### Work task
Copy, word for word, the lines of the listing below from the line with "Fruit Picking Photoshoot, Picking" up to and including the line with "Видео: Африканские приключения.". Drop the pictures.

### Supplied entries
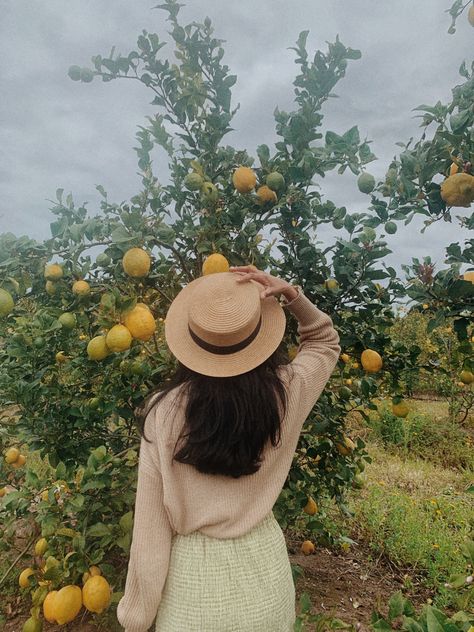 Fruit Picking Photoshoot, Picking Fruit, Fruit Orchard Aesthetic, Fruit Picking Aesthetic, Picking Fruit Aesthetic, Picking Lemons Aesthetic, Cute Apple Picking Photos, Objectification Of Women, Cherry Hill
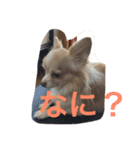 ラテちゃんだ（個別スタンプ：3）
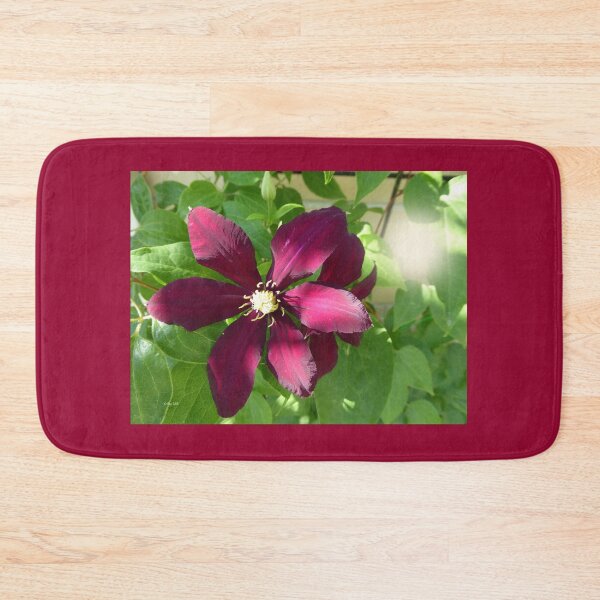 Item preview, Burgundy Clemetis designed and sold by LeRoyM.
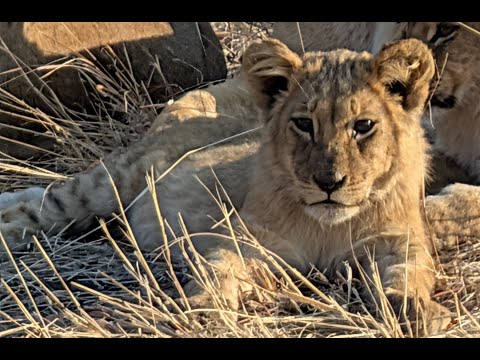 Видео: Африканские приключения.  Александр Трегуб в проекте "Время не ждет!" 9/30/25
...
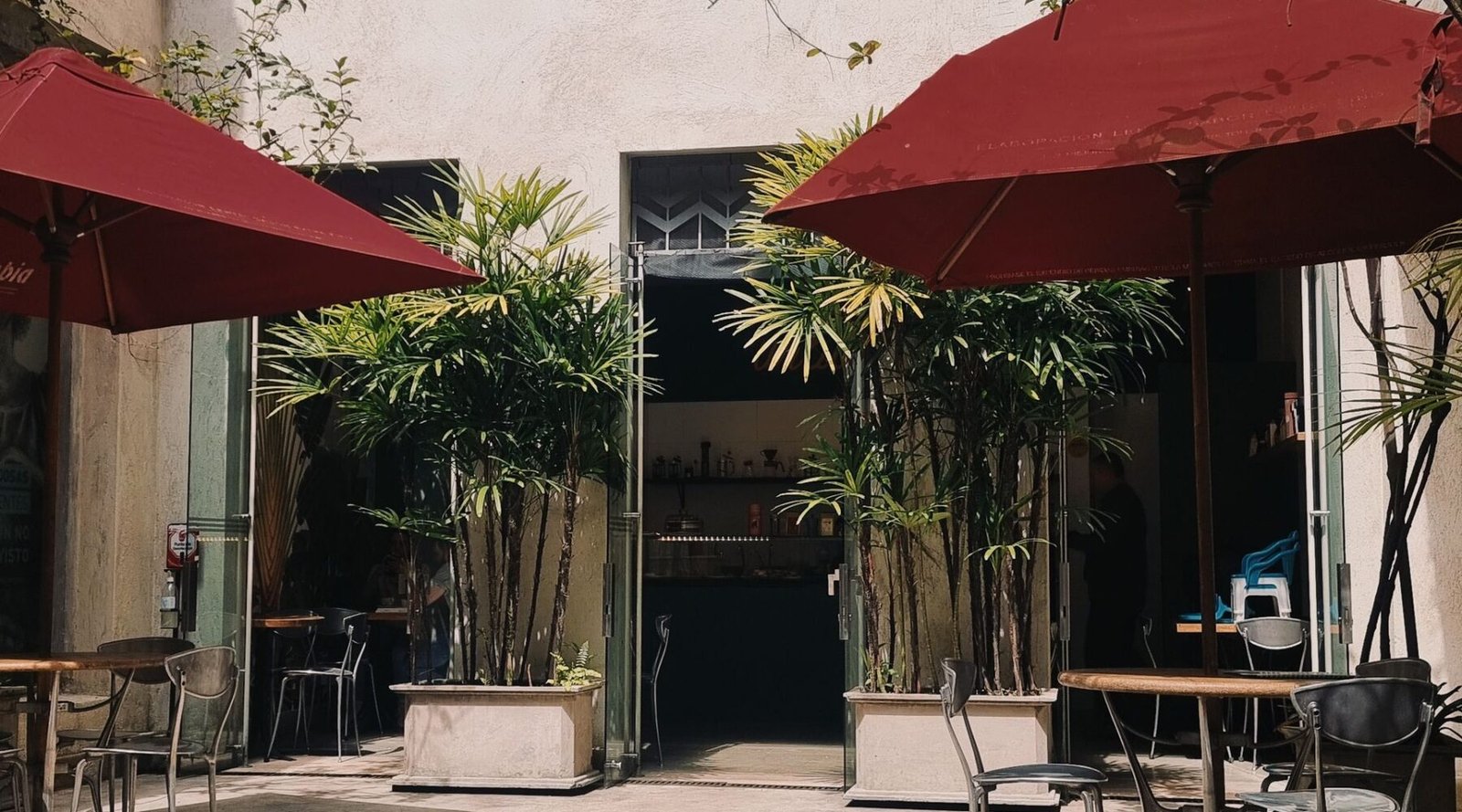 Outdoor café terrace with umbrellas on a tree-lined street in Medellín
---
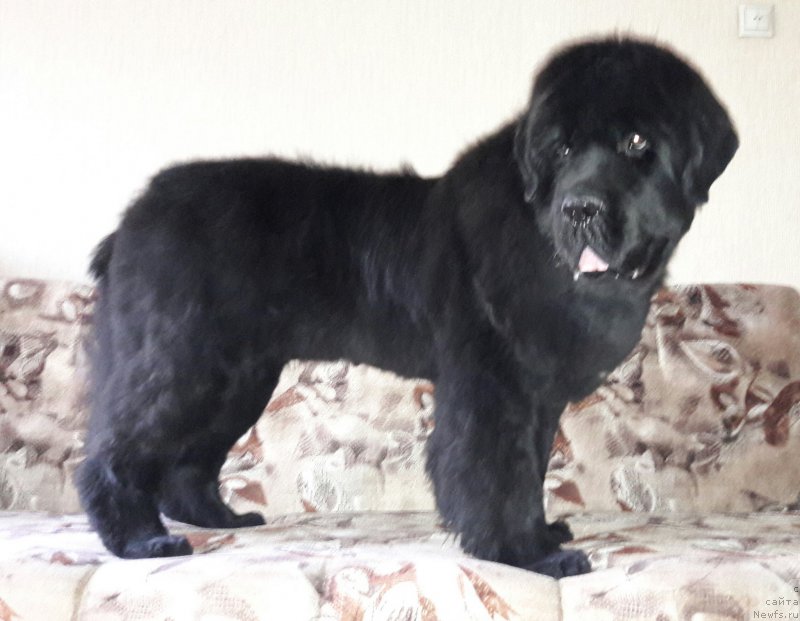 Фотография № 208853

### Result of this task
 Fruit Picking Photoshoot, Picking Fruit, Fruit Orchard Aesthetic, Fruit Picking Aesthetic, Picking Fruit Aesthetic, Picking Lemons Aesthetic, Cute Apple Picking Photos, Objectification Of Women, Cherry Hill
 ラテちゃんだ（個別スタンプ：3）
 Item preview, Burgundy Clemetis designed and sold by LeRoyM.
 Видео: Африканские приключения.  Александр Трегуб в проекте "Время не ждет!" 9/30/25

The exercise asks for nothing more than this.